L'edito

Avec 140 milliards de dollars, Bush se fait keynésien

Une idée reçue veut que les Américains ne se fieraient qu'au marché, et à sa main invisible, pour résoudre leurs problèmes économiques. Ils auraient depuis longtemps enterré le » keynésiannisme » , cette idée selon laquelle l'Etat peut faciliter, par des politiques actives, le retour au plein emploi, que ce soit par l'augmentation des dépenses publiques, les allègements d'impôts et/ou l'injection, par la banque centrale, de monnaie dans les circuits.

C'est une idée fausse, comme on peut le constater à chaque fois que la croissance menace de chuter outre-Atlantique. Les Etats-Unis sont bien plus décontractés que les Européens lorsqu'ils s'agit de voler au secours de leur économie. Dès que des signes de récession sont perceptibles, ils appuient, fort, très fort, sur les deux pédales qui sont à la disposition du pouvoir fédéral : budgétaire et monétaire.

Ronald Reagan était ainsi allé jusqu'à pousser à près de 6% du PIB le niveau des déficits publics pour sortir son pays de l'ornière. Un niveau qui ferait s'évanouir n'importe quel banquier central européen.

Ce vendredi, George Bush a annoncé un plan de relance de 145 milliards de dollars, soit 1% du PIB. Quelques jours plus tôt, Hillary Clinton, croyant prendre de court les Républicains, avait promis un plan deux fois moins ambitieux : 70 milliards de dollars. Il est vrai que Bush a un avantage sur la candidate : il peut charger l'ardoise, ce n'est pas lui qui devra l'effacer.

Depuis la fin de la seconde guerre mondiale, c'est le refus du chômage qui guide, avec pragmatisme, la politique macroéconomique des Américains. Une telle attitude semble frappée au coin du bon sens.

L'Europe manque de pragmatisme

Elle n'est pourtant pas partagée en Europe. Les dirigeants y sont plus doctrinaires : ils ne jurent que par l'équilibre budgétaire, la concurrence parfaite, l'inflation terrassée. La croissance ? Elle découlera de cette politique vertueuse ! Résultat : on s'est trop longtemps contenté d'une croissance molle, d'un chômage élevé, et de déficits publics qui ne redescendent jamais.

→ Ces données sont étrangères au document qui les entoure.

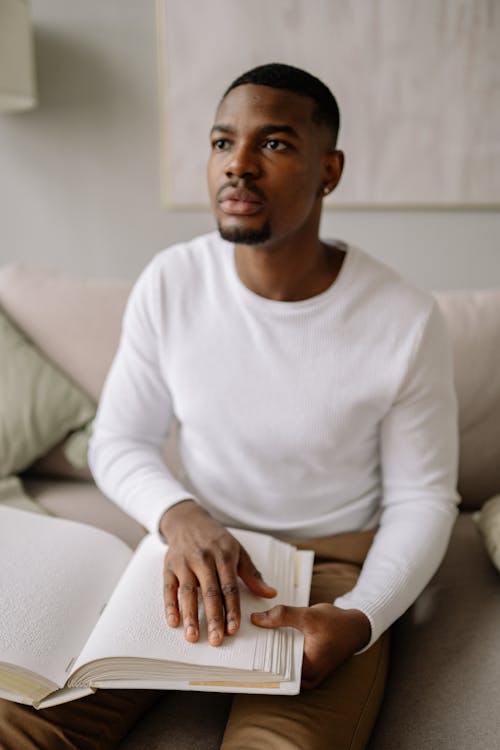 Free Man in White Long Sleeve Shirt Sitting on White Couch Stock Photo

Et on a bardé l'Europe de mécanismes rigides pour assurer cette » vertu » : la Banque centrale européenne n'a pour seul objet que de lutter contre l'inflation, un pacte de stabilité enserre les politiques budgétaires, etc.

Ainsi, que se passe-t-il aujourd'hui ? La Banque centrale européenne, sous la direction du Français Jean-Claude Trichet, menace de relever les taux, au nom des risques d'inflation. Alors qu'il faudrait, pour éviter une récession, les baisser, comme le fait sans barguigner la Banque centrale américaine…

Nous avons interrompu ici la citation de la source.